Impulse Theater Festival

Cologne, Düsseldorf, Mülheim an der Ruhr

4-14 June 2020

LOB DES VERGESSENS


LOB DES VERGESSENS, Teil 2 takes place online.

How are things repressed? One descendant of displaced Germans from Middle and Eastern Europe wants to understand why he barely knows anything about his family history. A personal research project that uses historical sound recordings, news reports, songs and poems to shed light on the strategies and techniques of forgetting.

studiobühneköln, Bühne
Language: German with app-based English surtitles

Special on 07.06. after the performance:
Post-show talk in German with the artist and Aurora Rodonò, Diversity Manager of the Rautenstrauch-Joest Museum and a former research associate at the Documentation Centre and Museum of Migration in Germany (DOMiD). Chaired by: Haiko Pfost, Artistic Director Impulse Theater Festival

© Nicole Wytyczak
© Nicole Wytyczak
© Nicole Wytyczak
© Nicole Wytyczak
© Nicole Wytyczak

On the left hand side of the stage there is a stack of over one thousand tape recordings — the ethnographic sound archive of the Institute of Ethnology of Eastern European Germans. It is intended to preserve the history of the displaced Germans from Middle and Eastern Europe in the form of songs and stories by eye witnesses. On the right hand side of the stage stands a living archive, the theatremaker Oliver Zahn, who was born in 1989, the grandson and great-grandson of displaced Germans. Until now he has had little contact with his family’s history. This part of his memory is practically empty, embodying the success of collective strategies of forgetting. Oliver Zahn wants to understand how this empty space was created. So he asks the archive — and the archive answers. The space is filled with the sound of popular songs and unfamiliar dialects, whose speakers seem both eerily present and at the same time utterly absent, relics of a past time. They tell of life in Eastern Europe, of flight, displacement, integration and exclusion.

However, the archive is only able to answer the questions it is asked. What is not asked will not be remembered. And this makes it clear that forgetting doesn’t just happen, it is the result of a decision. “Forgetting lays to rest what stands in the way for the future,” the performer says. Is this a warning or a requirement?

Credits

By and with: Oliver Zahn
Dramaturgy: Felizitas Stilleke
Assistant at Sound Archive: Emre Can Bozoğlan
Lighting and Video: Laura Kansy
Technician: Dennis Dieter Kopp
Artistic Production and Press Office: Rat & Tat Kulturbüro
Contact for touring enquiries: Oliver Zahn, mail[a]oliverzahn.de

Production

A production by Oliver Zahn, co-produced by Münchner Kammerspielen. Funded by a three year grant from the State Capital Munich.

Biographies

Laura Kansy is a freelance photographer and camerawoman for feature, documentary and experimental films. She has been a student in the Camera department at HFF Munich since 2012. From 2012 to 2016 she had a working placement in the Research and Development department at ARRI (Arnold & Richter Cine Technik GmbH), and in 2016/17 she studied at the Satyajit Ray Film and Television Institute (SRFTI) in Kolkata, India.

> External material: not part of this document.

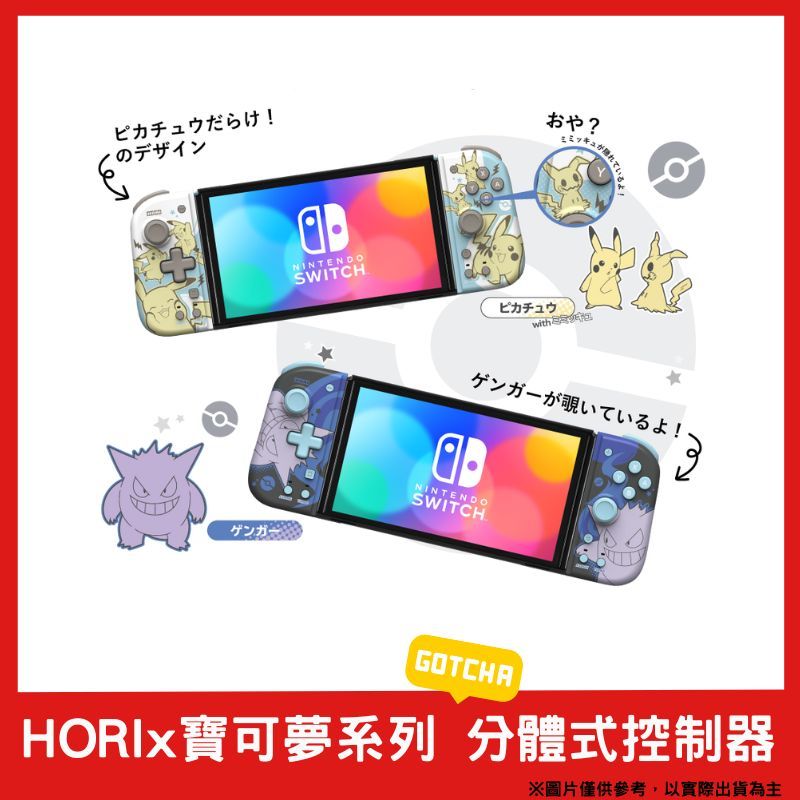 HORI  NS Switch 分體式控制器 攜帶模式用 專業控制手把 寶可夢 皮卡丘NSW-410A /耿鬼NSW-411A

Dennis Dieter Kopp studied Theatre, Media and Literature at the University of Hildesheim. Since 2012 he has worked as a lighting technician, performer and dramaturg at venues including the Münchner Kammerspiele and for Oliver Zahn//HAUPTAKTION, Thermoboy FK, christians//schwenk, Henrike Iglesias, Markus&Markus, Marie Simons and Ceren Oran and Joana Tischkau. As a solo performer and member of cobragianni.cobra he has been responsible for ‘Let Me Be the Object of Your Desire’ (2012) and ‘EIN BISSCHEN MEHR MUSS MAN SCHON SEHEN oder: Wie ich mich in einen Schmetterling verwandelte’ (2017). His artistic practice is concerned mainly with issues of critical research into masculinity in searching for queer, feminist and intersectional perspectives.

Oliver Zahn’s choreographic/discursive essays often revolve around history, nationalism and the body — they are ethnographic, archive-based and include self-experiment. In addition to ‘Situation mit ausgestrecktem Arm’ (on the cultural history of the “Hitler Gruss” gesture) and ‘Situation mit Doppelgänger’ (with Julian Warner, about cultural appropriation in dance, imitation and minstrel shows) he has created ‘Zweiter Versuch über das Turnen’ about German identity and allegiance to “the body of the people” with reference to the history and practice of the German gymnastics movement and most recently ‘Teutona’ and ‘Futur Germania’.